Olho de soslaio para o André e vejo como ele está preocupado. Coloco a minha mão sobre a sua. Ele olha para mim e acena ao de leve.

- Os meus pais souberam poupar o Tiago às notícias...

- Sim, claro. Mas... Ele ainda é pequeno, mesmo se soubesse de algo, não seria o nosso maior problema.

- Eu sei... Eu sei... - André levanta-se.

Será melhor sairmos do quarto do nosso filho, assim poderemos falar melhor. Depois da nossa chegada, o André falou com a família e com o advogado. Fiquei sempre com o Tiago, depois foi o regresso a casa... enfim, ainda tenho muito a perceber.

Tiago dorme profundamente e apenas ajeito um pouco melhor os lençóis, depois de me levantar. Chego-me perto do André e abro a porta para sairmos.

Chegamos ao nosso quarto em silêncio. Vejo o André a sentar-se aos pés da cama. Sento-me na cadeira junto ao armário.

- Queres me contar a conversa com o advogado?

André encolhe os ombros.

- Não se pode fazer grande coisa. Como posso provar que conversas são mentiras? Basta alegarem proteção de fonte e esquece. Tu sabes como é.

- Sim, eu sei... A única coisa que estou a ver aqui é... É usares a imprensa. Dares uma entrevista e dizeres a verdade.

- O meu advogado desaconselhou-me a fazer isso.

- Porquê?

André olha finalmente para mim e coça a cabeça. Um sinal de que há mais alguma coisa que eu tenho de saber.

Suspiro.

- O que se passa?

- Houve quem minasse o balneário. Isso é verdade. Não fui eu, mas houve quem o fizesse... E eu como capitão também não tive tomates suficientes para parar com aquilo tudo.

Franzo o sobrolho. Estarei a ouvir bem?

- Houve alguém que minou o balneário e não conseguiram fazer nada contra isso?

- Sim, basicamente foi isso.

André levanta-se e vai até à janela. Estou desiludida. Não pensei que isto fosse possível de acontecer, muito menos...
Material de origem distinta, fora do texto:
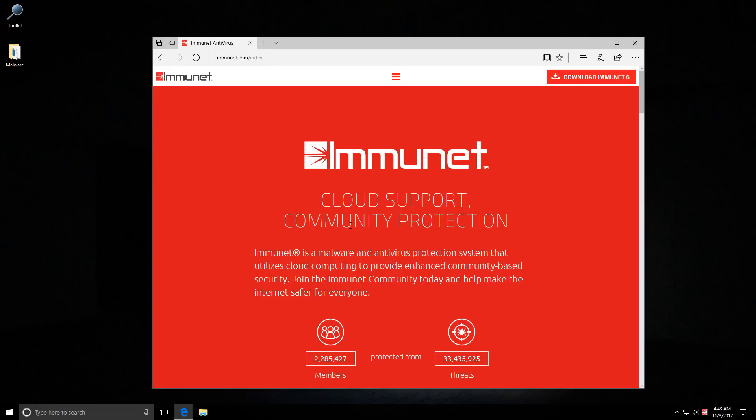Hello everyone, today we'll be taking a look at Immunet, which is a popular cloud-based AV.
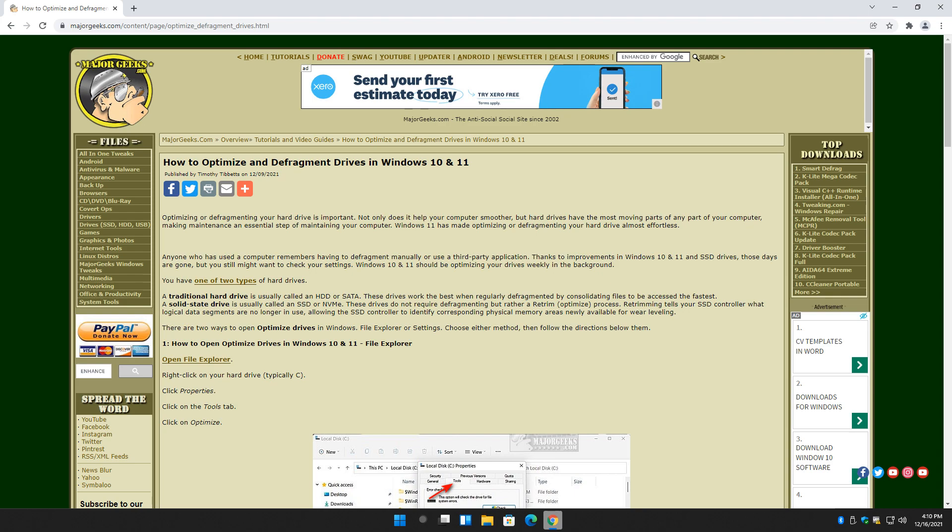Hey there geeks, Tim with MajorGeeks.com. Today we're going to show you how to optimize and defragment your drives in Windows 10 or 11. The beauty of this whole thing is, I hate to send you out of here in 30 seconds, but you really don't have to do anything.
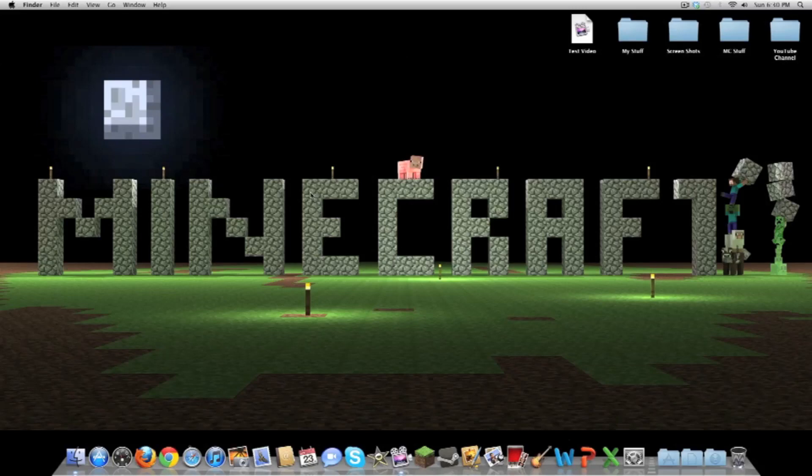What's going on everybody, JCSB here. Today I've got kind of a special video for you. As you can see I'm on my desktop right now on my computer, and today I'm going to show you a couple of the programs I have on my computer as well as how I record and edit my videos.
- Tu não és assim, André... - digo, baixinho. Quando vejo como curva a sua cabeça junto à porta de vidro da varanda, sei que não deveria ter dito o que disse. Mas o meu André não é assim - Porque não me disseste nada? Poderíamos ter enfrentado isso juntos...

O meu tom não é acusatório. Não quero começar nenhuma discussão, apenas estou surpreendida com aquilo que ele me conta mas, ainda mais, com a sua postura perante tudo isto. No entanto, também não lhe posso esconder que estou desiludida.

- Não quis... não quis trazer isto para casa. Em casa, aqui era o meu porto seguro, só queria estar bem. 

- André... - suspiro e levanto-me.

- Eu sei, eu sei que tens todo o direito em estares desiludida comigo, mas era isso que eu queria evitar, não entendes? - ele endireita-se e vira-se para mim - esse teu... esse teu olhar de desilusão. Não consigo lidar com isso.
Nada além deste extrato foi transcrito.